# Requirement
Skip the pictures. Output only the lines below starting at the line with "Well hello forensic" and ending at the line with "After we closed", both ends included, exactly as they are.

# Extracted material
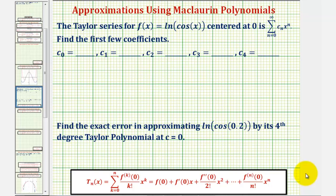We want to find the first few coefficients of the Taylor series for f of x equals natural log cosine x, centered at zero, and then also find the error in approximating natural log cosine zero point two by its fourth degree Taylor polynomial.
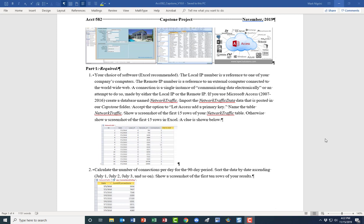Well hello forensic accountants, and this is version 10 of the Capstone project November 2019. Let's get busy. You can do this in Access but Excel should work really well.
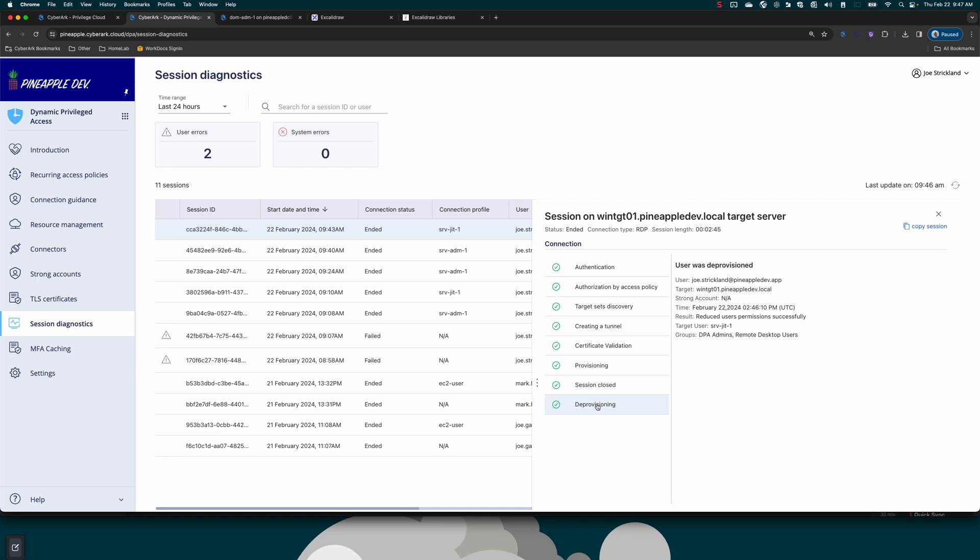After we closed the session, we removed that user from the DPA admins group and the remote desktop users group. Again, super powerful because now we're controlling all of that authentication and authorization through a single control plane. And that user is a standard basic user with no permissions on the target system.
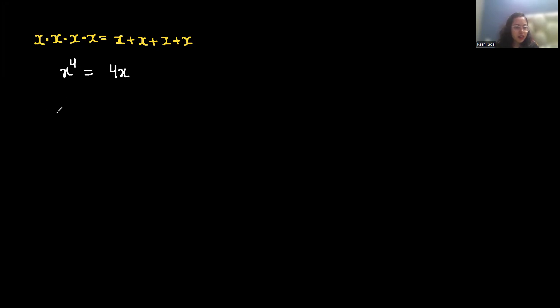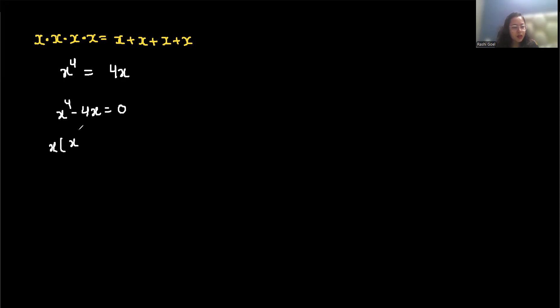Now let's rearrange it and take all the terms together, so it becomes x^4 minus 4x equals 0. Now you can take x as common, so x times (x^3 minus 4) equals 0. Now let's write the factors.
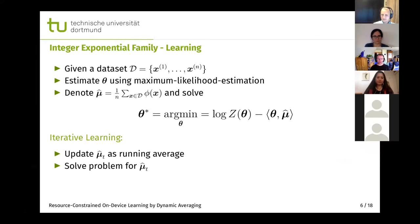For learning, given some dataset, we use a regular maximum likelihood approach to find the optimal parameter. A great thing about exponential family models is that we can summarize the whole dataset within just one average vector — the average of the sufficient statistics for each sample. We then solve the optimization problem using specialized integer algorithms, and we can also apply online learning by updating the running average and solving the problem for the specific mu at time point t.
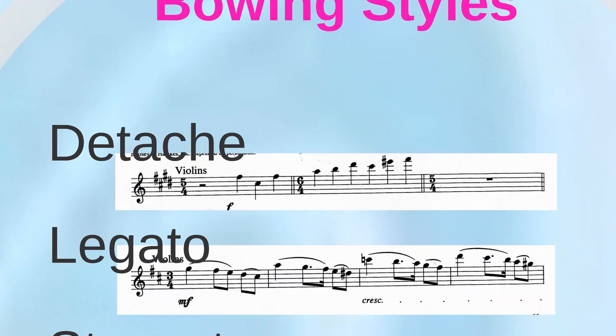In détaché bowing, the bow direction changes with each note, with no silence between notes. This bowing is assumed in the absence of any of the special bowing indications. Détaché bowing may involve a very smooth connection between notes, or the notes may be accented. The passage from Pictures at an Exhibition is an illustration of détaché bowing.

# Result of the exercise
Well hello forensic accountants, and this is version 10 of the Capstone project November 2019. Let's get busy. You can do this in Access but Excel should work really well.
After we closed the session, we removed that user from the DPA admins group and the remote desktop users group. Again, super powerful because now we're controlling all of that authentication and authorization through a single control plane. And that user is a standard basic user with no permissions on the target system.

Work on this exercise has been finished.